**WHAT TO DO**. Without including any images, please transcribe all the lines below exactly.

**AVAILABLE DATA**.
☆ ☆ ☆ ☆ ☆ ☆ ☆

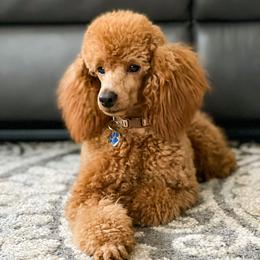 Richard - Poodle
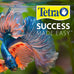 Tetra Cichlid Floating Pellets 6 Ounces, Nutritionally Balanced Top-Mid Water Feeding Cichlids Food 77063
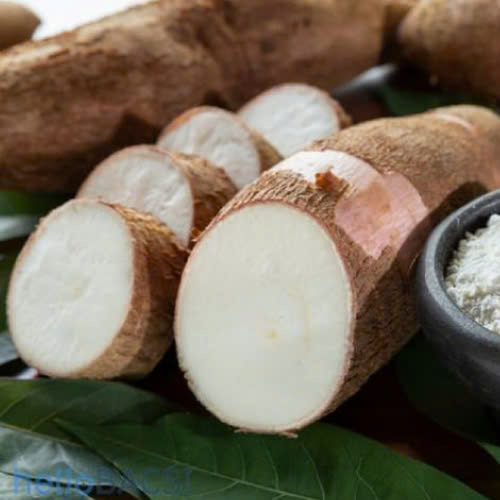 cat-mi-an-khoai-mi-duoc-khong-giai-dap-chi-tiet-va-loi-khuyen-huu-ich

☆ ☆ ☆ ☆ ☆ ☆ ☆

**SOLUTION TO THIS EXERCISE**.
 Richard - Poodle
 Tetra Cichlid Floating Pellets 6 Ounces, Nutritionally Balanced Top-Mid Water Feeding Cichlids Food 77063
 cat-mi-an-khoai-mi-duoc-khong-giai-dap-chi-tiet-va-loi-khuyen-huu-ich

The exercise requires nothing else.